In [1]:
# Load in libraries
import cPickle as pickle
import urllib2
import shutil
from time import time
import os
import random
import io
from __future__ import print_function

# ML libraries
from sklearn.feature_extraction.text import TfidfVectorizer
from sklearn.feature_extraction.text import CountVectorizer
from sklearn.decomposition import NMF
from sklearn.decomposition import LatentDirichletAllocation

### Load the Data

In [4]:
# http://stackoverflow.com/questions/10058591/how-can-i-open-utf-16-files-on-python-2-x

db = pickle.load(open('db.p', 'rb'))
txts = []
pids = []
n=0
for pid,j in db.iteritems():
  n+=1
  fname = os.path.join('txt', pid) + '.txt'
  if os.path.isfile(fname):
    try:
        txt = io.open(fname, 'r', encoding = 'utf-16').read()
        txts.append(txt)
    except UnicodeError:
        txt = open(fname, 'r').read()
        txts.append(txt)
    pids.append(pid)
  #print 'reading %d/%d' % (n, len(db))

In [None]:
txts[0]

In [52]:
out = {}
out['text'] = txts
out['pids'] = pids

print('writing txt.p')
pickle.dump(out, open("txt.p", "wb"))

writing txt.p


### Compute NMF

In [None]:
n_samples = 2000
n_features = 5000
n_topics = 30
n_top_words = 20

#### First, Compute TF-IDF

In [6]:
print("Extracting tf-idf features for NMF...")
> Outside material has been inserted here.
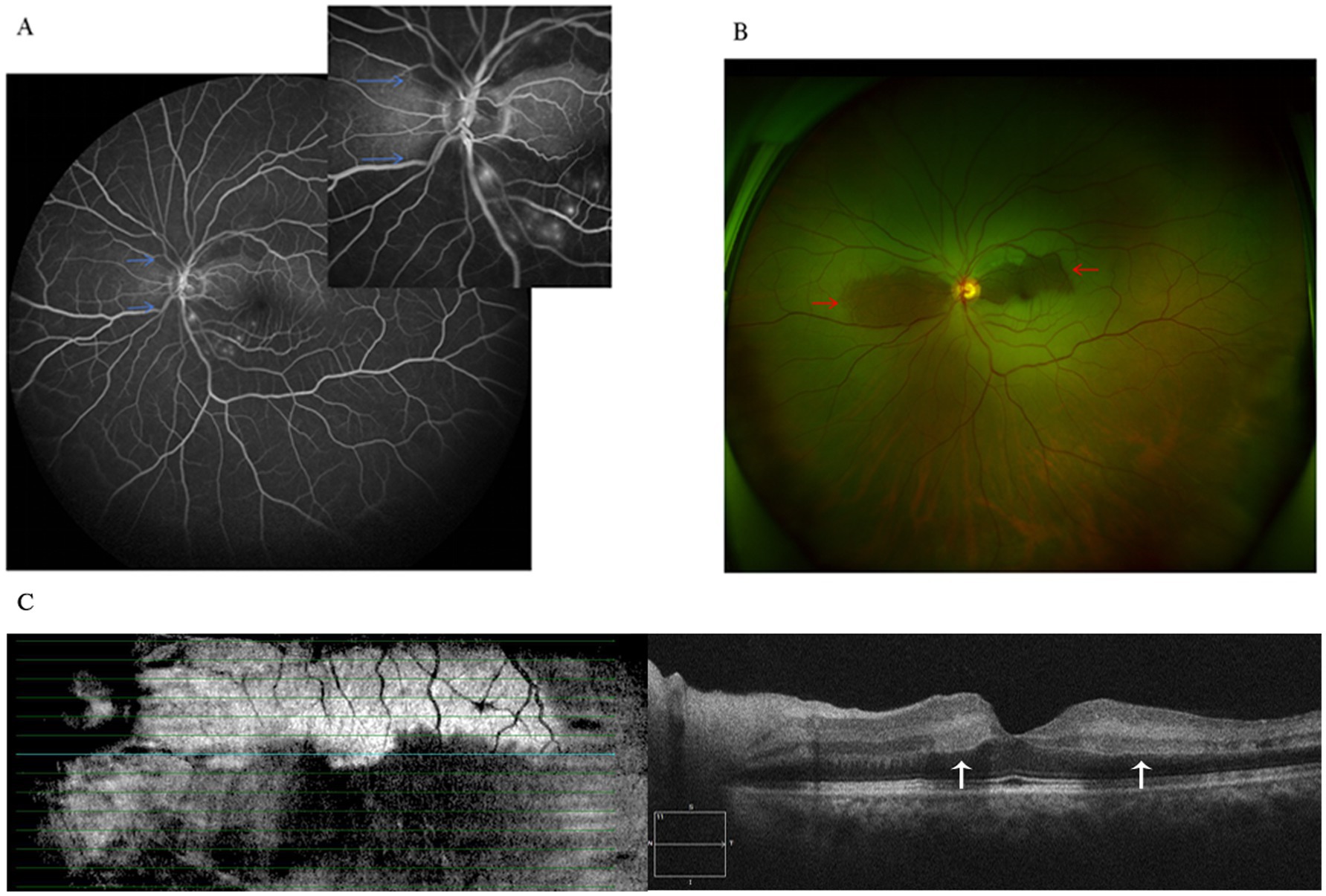 A set of three eye imaging results. Panel A shows a black and white fluorescein angiography image with blue arrows highlighting the vascular structure. Panel B presents a color fundus photograph with red arrows indicating areas of interest in the retina. Panel C comprises an optical coherence tomography scan, showing cross-sectional layers of the retina, with white arrows pointing towards specific areas.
tf_izer = TfidfVectorizer(input='content', 
        encoding='utf-8', decode_error='replace', strip_accents='unicode', lowercase=True, 
        analyzer='word', stop_words='english', 
        token_pattern=r'(?u)\b[a-zA-Z_][a-zA-Z0-9_]+\b',
        ngram_range=(1, 2), max_features = 5000, 
        norm='l2', use_idf=True, smooth_idf=True, sublinear_tf=False)

t0 = time()
tfidf = tf_izer.fit_transform(txts)
print("done in %0.3fs." % (time() - t0))

Extracting tf-idf features for NMF...
done in 374.267s.


In [7]:
def print_top_words(model, feature_names, n_top_words):
    for topic_idx, topic in enumerate(model.components_):
        print("Topic #%d:" % topic_idx)
        print(" ".join([feature_names[i]
                        for i in topic.argsort()[:-n_top_words - 1:-1]]))
    print()

In [None]:
# Fit the NMF model
print("Fitting the NMF model with tf-idf features,"
      "n_samples=%d and n_features=%d..."
      % (n_samples, n_features))
t0 = time()
nmf = NMF(n_components=n_topics, random_state=1, alpha=.1, l1_ratio=.5).fit(tfidf)
print("done in %0.3fs." % (time() - t0))

print("\nTopics in NMF model:")
tfidf_feature_names = tf_izer.get_feature_names()
print_top_words(nmf, tfidf_feature_names, n_top_words)

### Compute LDA

In [13]:
# Use tf (raw term count) features for LDA.
t0 = time()
count_izer = CountVectorizer(input='content',
                             encoding='utf-8', decode_error='replace', strip_accents='unicode', lowercase=True, 
                             analyzer='word', stop_words='english',
                             token_pattern=r'(?u)\b[a-zA-Z_][a-zA-Z0-9_]+\b',
                             ngram_range=(1, 2), max_features = 5000)
cf = count_izer.fit_transform(txts)
print("done in %0.3fs." % (time() - t0))

done in 398.395s.


In [14]:
# Now compute LDA
lda = LatentDirichletAllocation(max_iter=5,
                                learning_method='online', 
                                learning_offset=50.,
                                random_state=0)
t0 = time()
lda.fit(cf)
print("done in %0.3fs." % (time() - t0))

done in 173.940s.


In [15]:
print("\nTopics in LDA model:")
tf_feature_names = count_izer.get_feature_names()
print_top_words(lda, tf_feature_names, n_top_words)


Topics in LDA model:
Topic #0:
image pp images based vol recognition using vol pp ieee face proposed used method fig detection processing features analysis different results
Topic #1:
matrix algorithm problem sparse rank convex optimization norm method linear function solution gradient methods matrices data algorithms using non vector
Topic #2:
learning network training neural layer networks model deep al input et et al word words using layers models neural networks language used
Topic #3:
data learning set classification training class feature kernel features classifier number using used based performance methods algorithm dataset test accuracy
Topic #4:
model data models distribution time number using variables parameters bayesian likelihood inference figure set al given information probability used et
Topic #5:
image images using figure time fig camera motion used reconstruction scale noise point filter error pixel data frame method space
Topic #6:
graph clustering points algorithm